Естественно, в этом буме участвовали не одни садоводы. Продавались и перепродавались уже не только сами луковицы, но и контракты на будущую поставку луковиц: иными словами, перед нами один из первых случаев фьючерсной торговли. Биржевой пузырь стремительно рос, но лопнул в начале 1637 года с еще более стремительными последствиями. И если, согласно ходовым представлениям, тюльпаномания действительно охватила почти все население страны, то можно себе представить, каков был пусть только психологический эффект — тем более что о подобных катастрофах этим людям и старожилы не могли рассказать, такое случилось впервые.

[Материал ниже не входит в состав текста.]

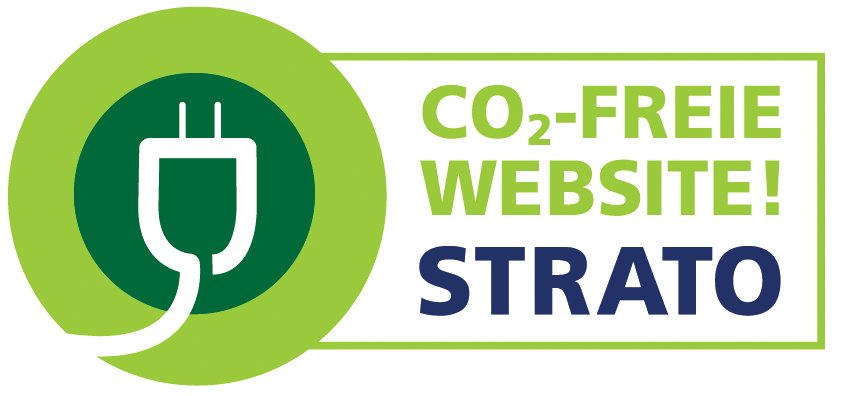 Strato - CO2-freie Webseite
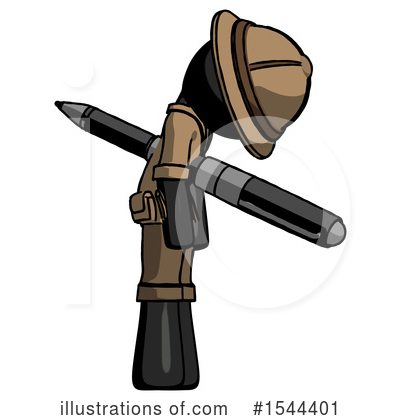Royalty-Free (RF) Black Design Mascot Clipart Illustration by Leo Blanchette - Stock Sample #1544401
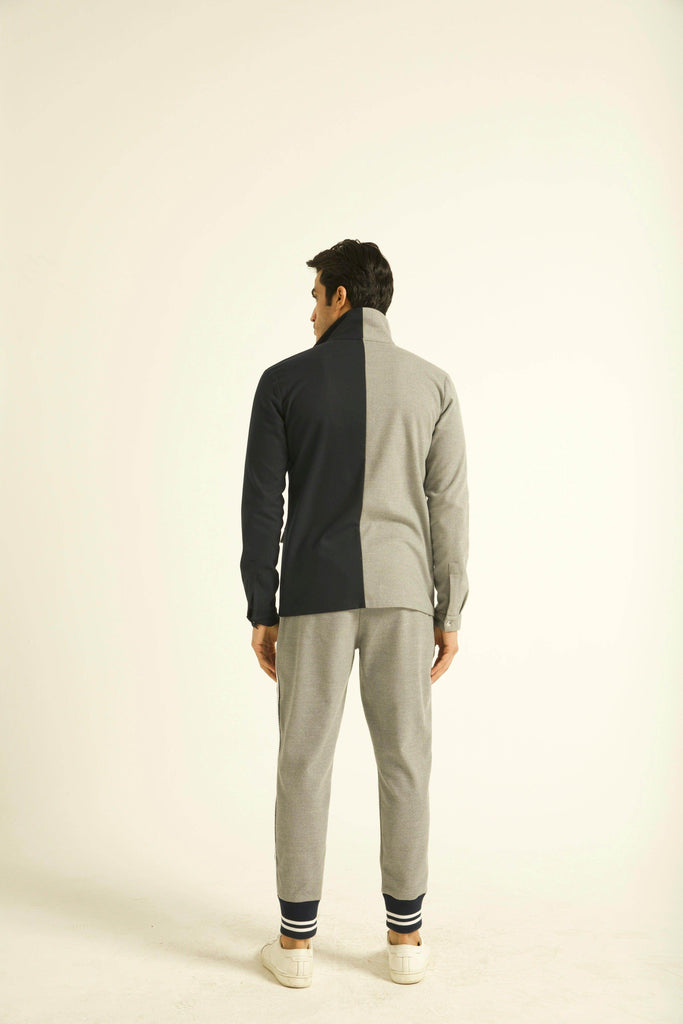 GREY JOGGER WITH RIB - dash and dot dash and dot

Карл Клузий. Ботанический рисунок “Tulipa praecox” из трактата «Несколько редких растений», 1583 год

Фото: Wellcome Library, London. Wellcome Images

Рыночно-биржевую сторону всего этого странного морока мы можем себе представить неплохо, но не исчерпывающе. Собственно, даже не до конца понятно, был ли крах «тюльпаномании» прямо-таки катастрофой — или моралистские памфлеты все же преувеличивали градус и цветочного безумия, и последовавшего за ним бедствия. Оно бы и ладно, но хочется понять, откуда все взялось (помимо клузиевой науки, разумеется): почему тюльпаны, почему в Голландии, почему такой раж.

Да, Голландия страшно разбогатела: как только свернулась национально-освободительная борьба и как только отпала — хотя бы временно — необходимость содержать громадные армию и флот, местная, как выражался Пестель, «аристокрация богатств» пошла в гору. Да, протестантизм в его реформатском изводе именно в Голландии дал такие всходы, которые удобнее всего вписываются в приснопамятную концепцию Макса Вебера. Верили люди в абсолютное предопределение одних к вечной погибели, других к райской славе (с условием, что личная воля ничего в этом раскладе не меняет)? Да, верили. Собирали себе сокровища на земле? Да, собирали, и с искренне благочестивой миной. Это не совсем тот кальвинизм, что был в Женеве при Кальвине,— ригористический и грозный, как полки со знаменами. Голландская религиозность времен золотого века больше всего напоминает прустовскую Франсуазу, которая «стала требовать от добродетели некоторого комфорта и находить в богатстве нечто назидательное».

Но тогда отчего именно эти цветки, точнее, луковицы, которые можно и съесть vulgarium ceparum modo? Отчего не японский фарфор? Не ланкийские смарагды? Не ормузский жемчуг?

Наверное, это именно попытка найти назидательный род богатства. «Регенты» Гааги, Утрехта или Амстердама иногда были куда состоятельнее каких-нибудь итальянских маркизов. Но те спокойно отдавали годовой доход ради того, чтобы блеснуть при дворе бриллиантовыми пряжками, шитыми золотом камзолами и так далее. А голландская публика степенно одевалась в черное и паковала жен в глухие платья и чепцы.

Отсюда, очевидно, и тюльпаномания. Ведь все-таки не золото, из которого отлили известного тельца, и не серебро, помрачившее Иуду, а цветок, просто и благочестиво растущий из праха земного. К тому же звавшийся “lilionarcissus” — а тут и «нарцисс Саронский, лилия долин» из «Песни песней», и евангельские лилии, превосходящие Соломона во всей его славе. А заодно, конечно, еще и сентенция о том, что «человек — как трава, как цвет полевой, так отцветет». Биржа биржей, маммона маммоной, но само напоминание о том, насколько тщетны все земные дороговизны, может, оказывается, стоить очень дорого.